### TASK BRIEF
Pictures must not appear in the copy. Set down exactly the line with "Cute Red Hair" and each line after it through the end of the data below.

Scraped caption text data

--------------------------------

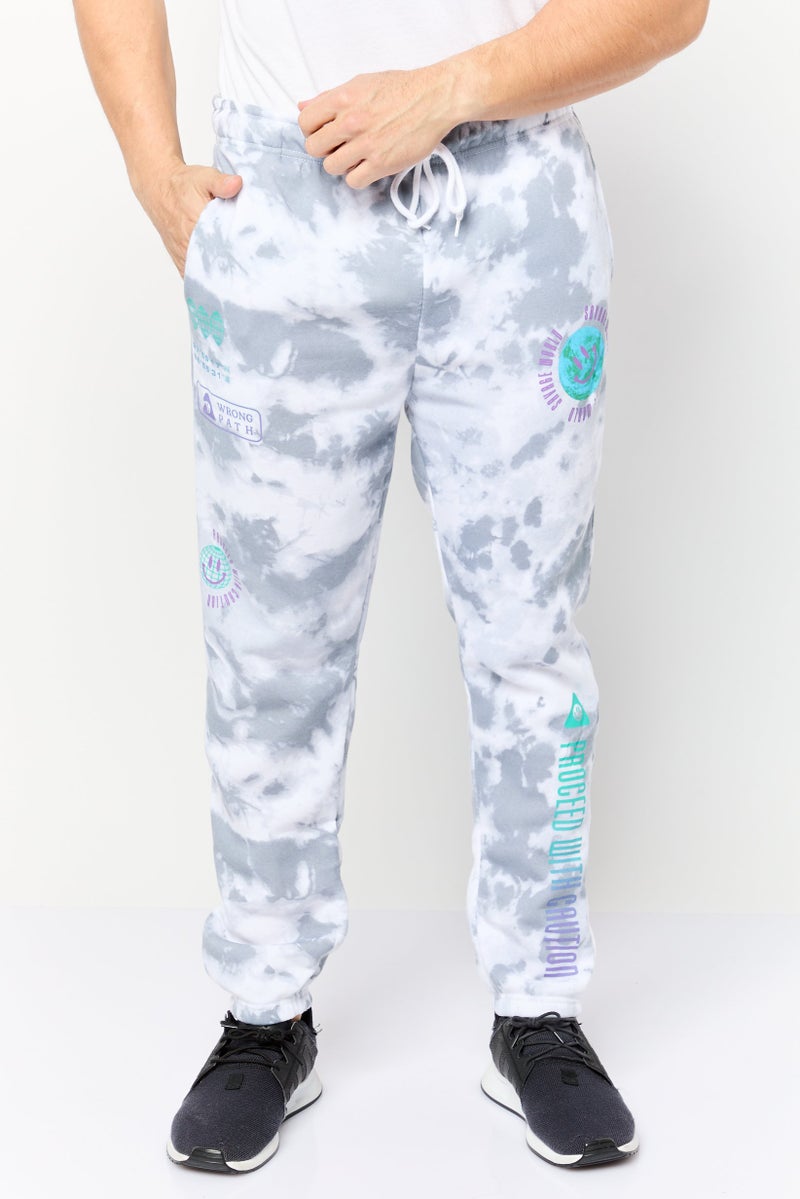 brooklyn Men Regular Fit Tie Dye Sweatpants, Multicolor - Image 1
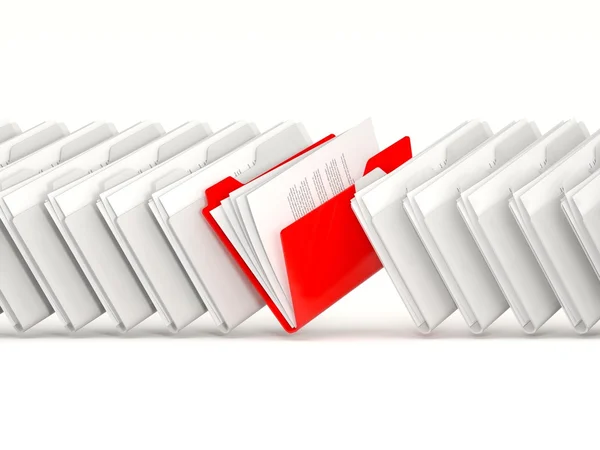 Czerwony folderu z rzędu — Zdjęcie stockowe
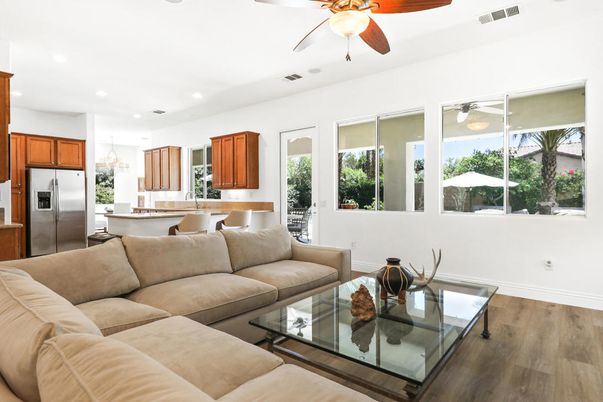 Interior, Kitchen, Living room, Recessed Lighting, Stainless Steel Appliances, Wood Texture Flooring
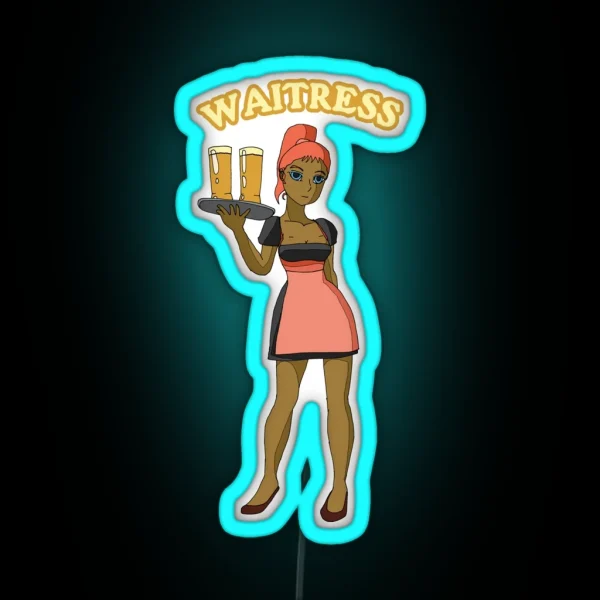 Cute Red Hair Waitress Girl In Black Dirndl RGB Neon Sign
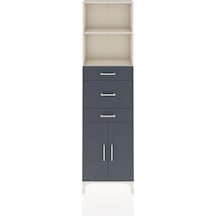 Arges Dolap 3 Raflı 3 Çekmeceli 2 Kapaklı 60x30x221 Aytaşı-antrasit Aytası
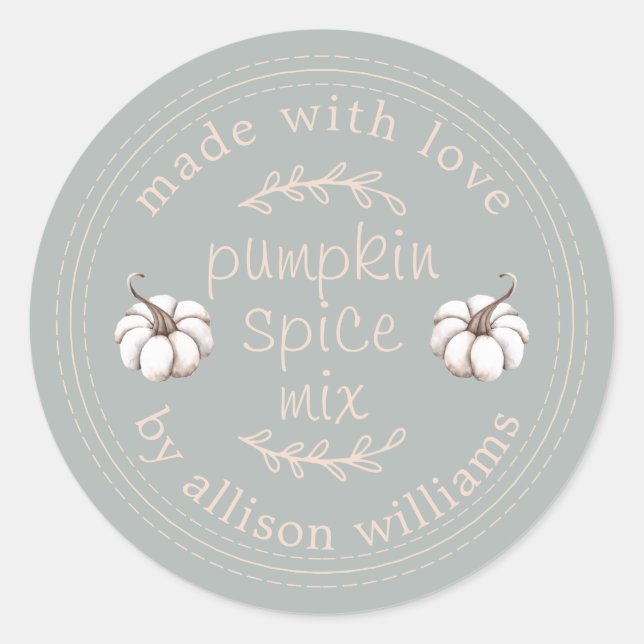 Rustic Homemade Pumpkin Spice Mix Storm Grey Classic Round Sticker (Front)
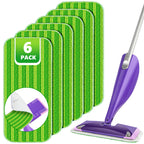 Reusable Mop Pads Compatible with Swiffer Wet Jet, Wet Jet Pads Refills for Swiffer Mop, Microfiber Replacement Pads for Hardwood Floor Cleaning, Dry Wet Mopping Cloths for 12" Wet Jet Refill, 6 Pack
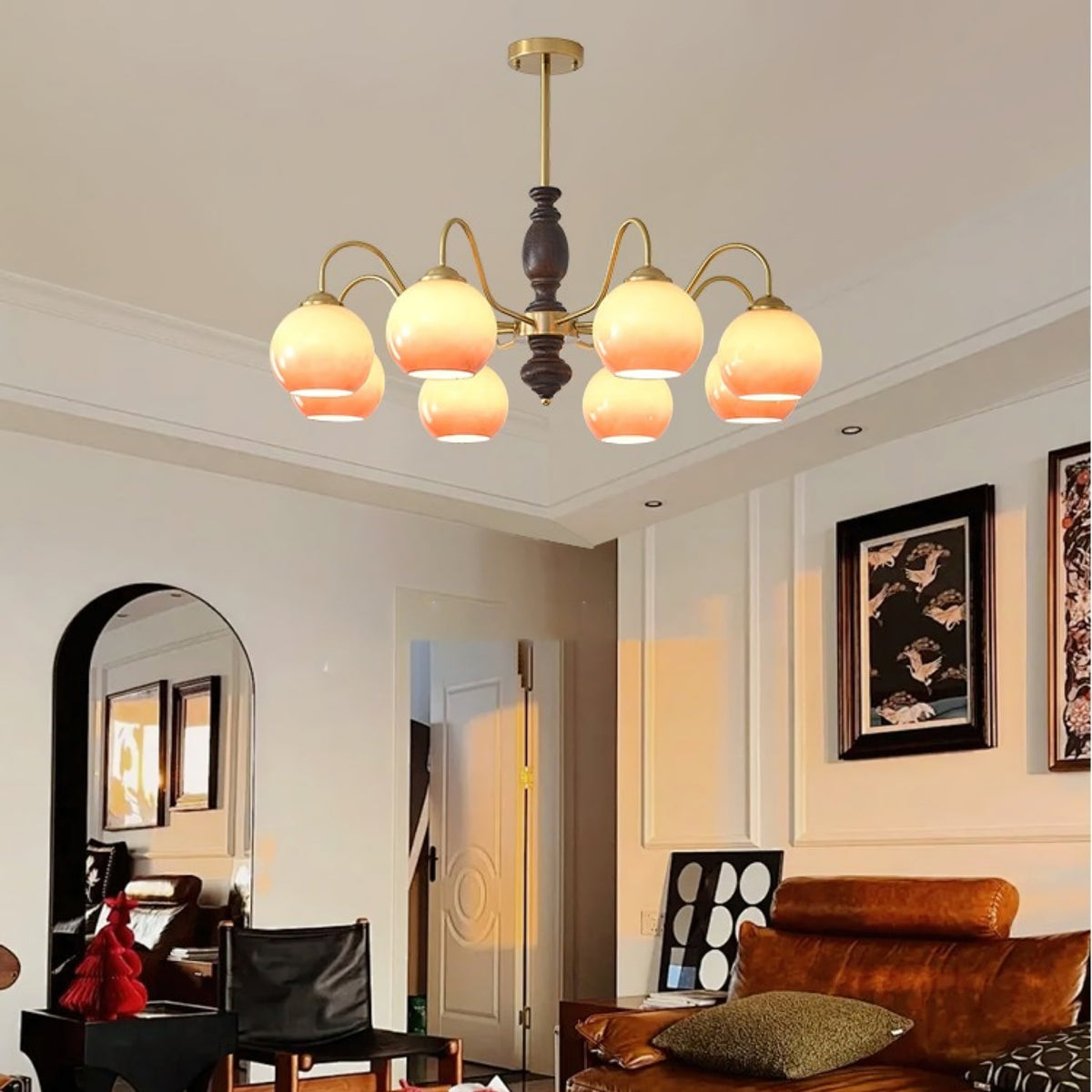 Caramel Glass Orb Chandelier with Gold and Walnut Finishes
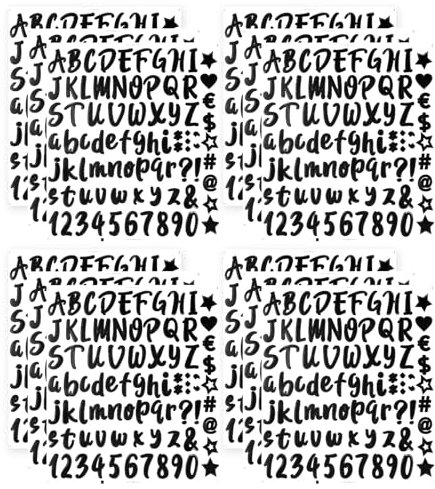 864 Stück 12 Blätter Buchstaben Nummern Zahlen Aufkleber Set, Selbstklebende Satzzeichen Scrapbooking Aufkleber Vinyl Wasserdichte Aufkleber für DIY Briefkasten Schilder Tür Hausnummer(Schwarz, 1Zoll)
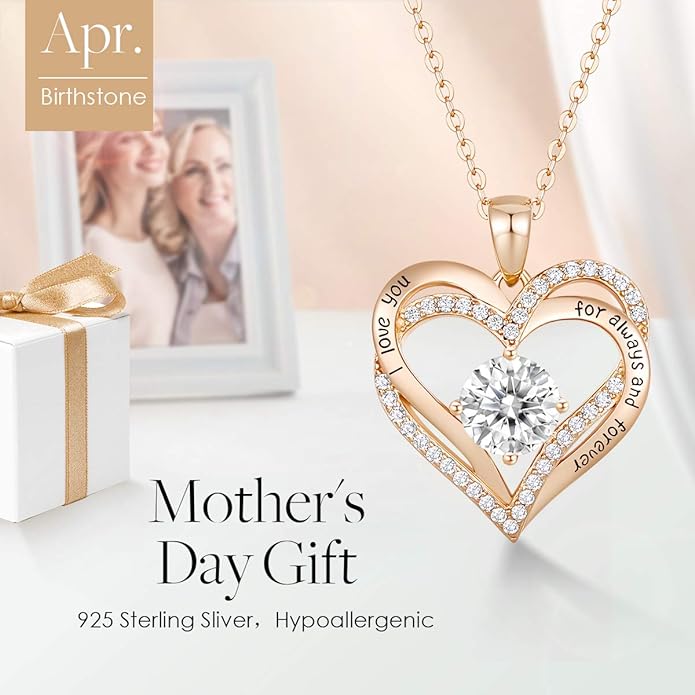 CDE Forever Love Heart Necklaces for Women, Wedding Anniversary, Birthday Mothers Day Gifts for Mom, Mother, Wife, Girlfriend, S925 Silver Jewelry with Birthstone Pendant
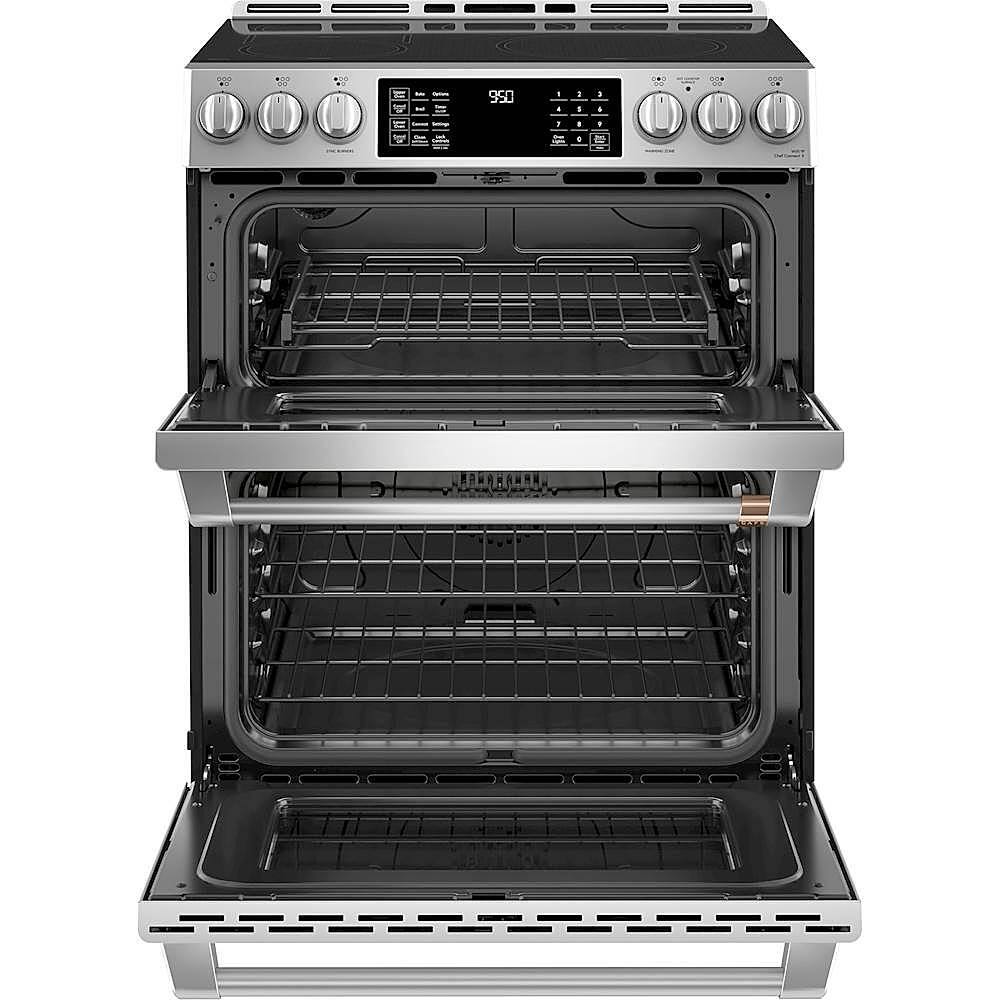 Alt View 17. Café - 6.7 Cu. Ft. Slide-In Double Oven Electric Induction Convection Range, Customizable - Stainless Steel.
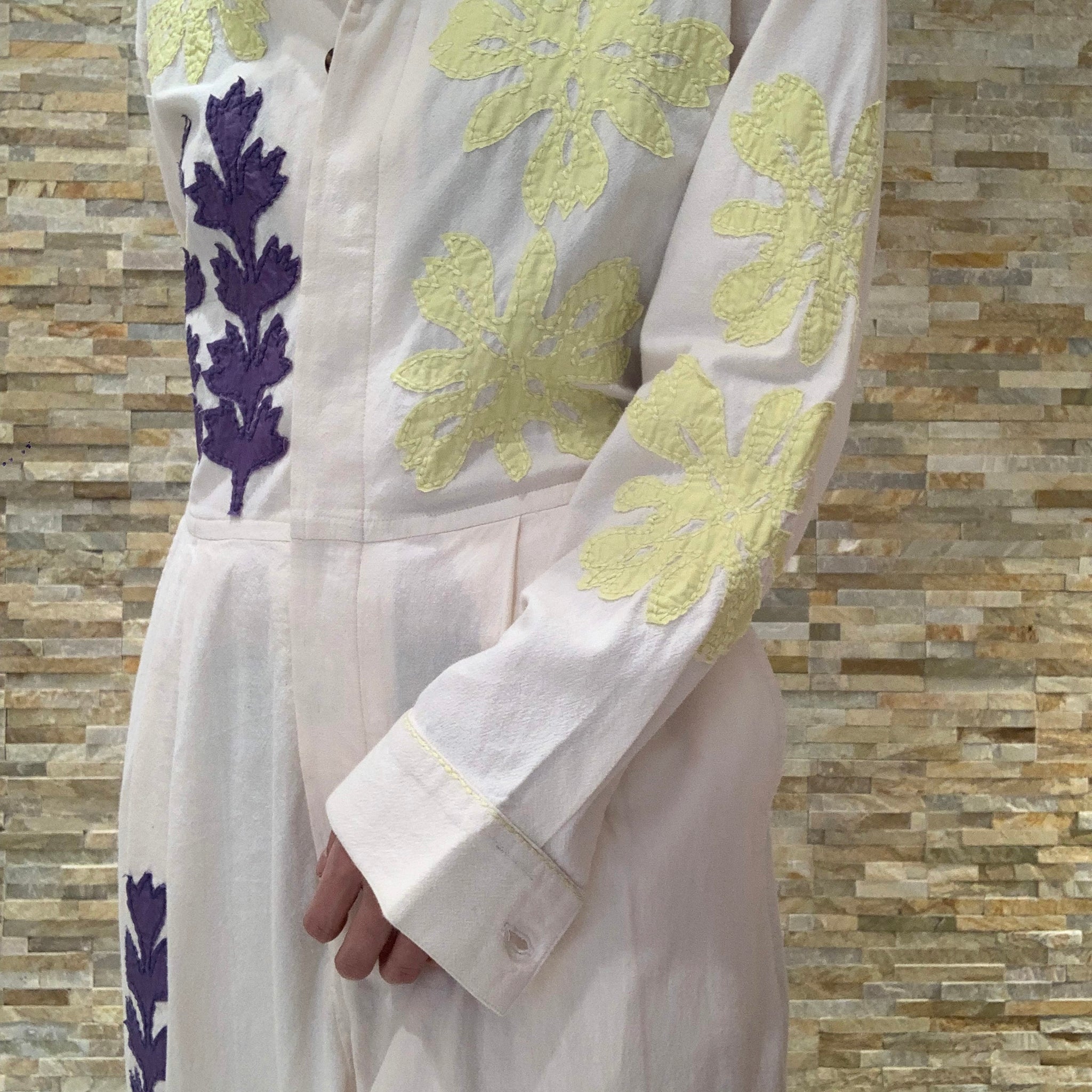 COTTON FLOWER PATCHWORK ALL IN ONE – Ecru | SARAMALLIKA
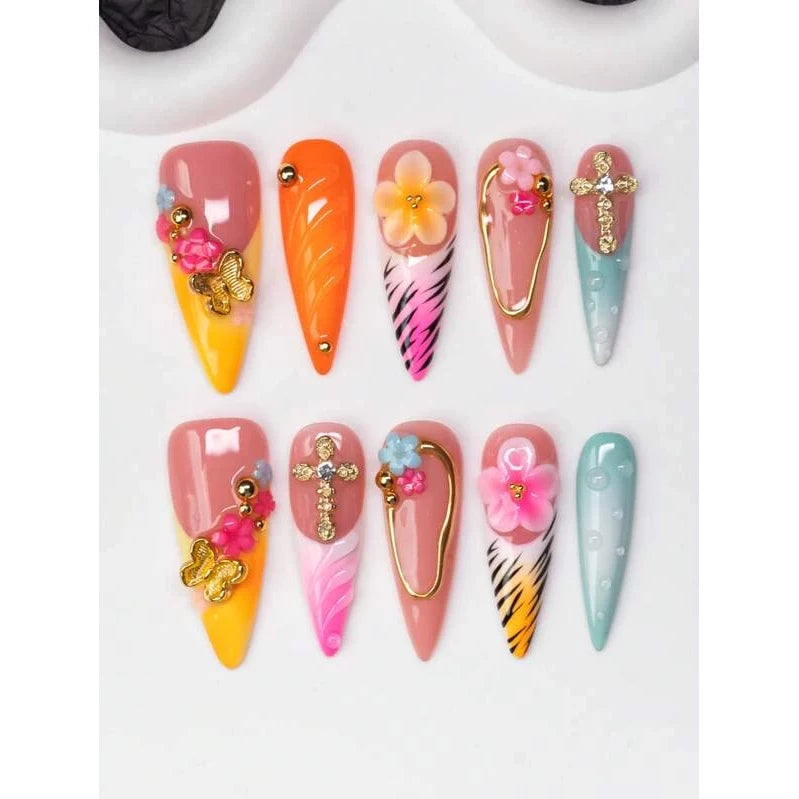 10pcs/Set Handmade Almond-shaped Y2K Baddie Style Press-on Nails, Nude, Pink - VitaBuy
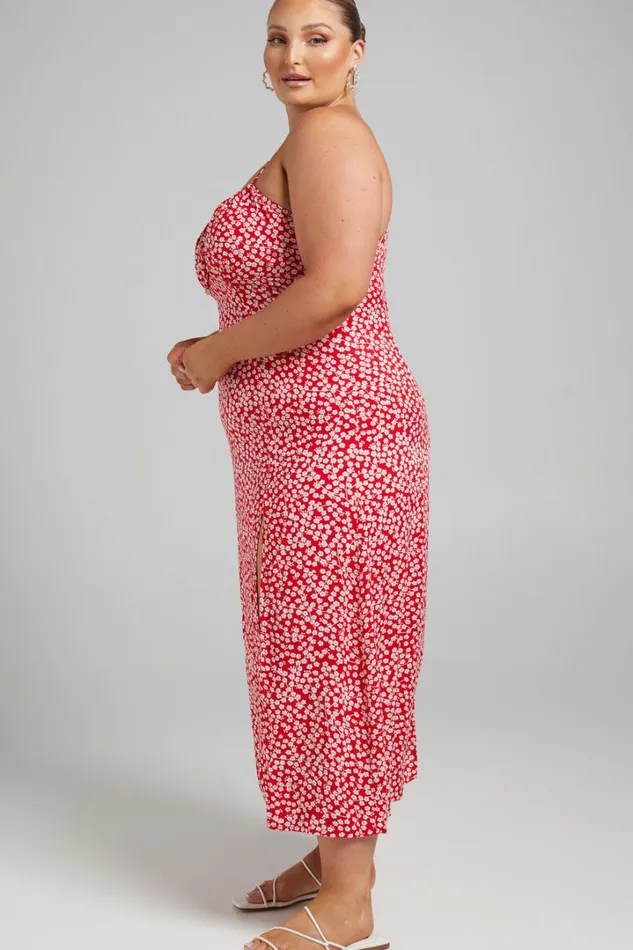 Willa Midi Dress 8211 Ruched Bust Thigh Split Dress In Red Floral Women Showpo Curve Clothes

--------------------------------

### EXERCISE RESULT
 Cute Red Hair Waitress Girl In Black Dirndl RGB Neon Sign
 Arges Dolap 3 Raflı 3 Çekmeceli 2 Kapaklı 60x30x221 Aytaşı-antrasit Aytası
 Rustic Homemade Pumpkin Spice Mix Storm Grey Classic Round Sticker (Front)
 Reusable Mop Pads Compatible with Swiffer Wet Jet, Wet Jet Pads Refills for Swiffer Mop, Microfiber Replacement Pads for Hardwood Floor Cleaning, Dry Wet Mopping Cloths for 12" Wet Jet Refill, 6 Pack
 Caramel Glass Orb Chandelier with Gold and Walnut Finishes
 864 Stück 12 Blätter Buchstaben Nummern Zahlen Aufkleber Set, Selbstklebende Satzzeichen Scrapbooking Aufkleber Vinyl Wasserdichte Aufkleber für DIY Briefkasten Schilder Tür Hausnummer(Schwarz, 1Zoll)
 CDE Forever Love Heart Necklaces for Women, Wedding Anniversary, Birthday Mothers Day Gifts for Mom, Mother, Wife, Girlfriend, S925 Silver Jewelry with Birthstone Pendant
 Alt View 17. Café - 6.7 Cu. Ft. Slide-In Double Oven Electric Induction Convection Range, Customizable - Stainless Steel.
 COTTON FLOWER PATCHWORK ALL IN ONE – Ecru | SARAMALLIKA
 10pcs/Set Handmade Almond-shaped Y2K Baddie Style Press-on Nails, Nude, Pink - VitaBuy
 Willa Midi Dress 8211 Ruched Bust Thigh Split Dress In Red Floral Women Showpo Curve Clothes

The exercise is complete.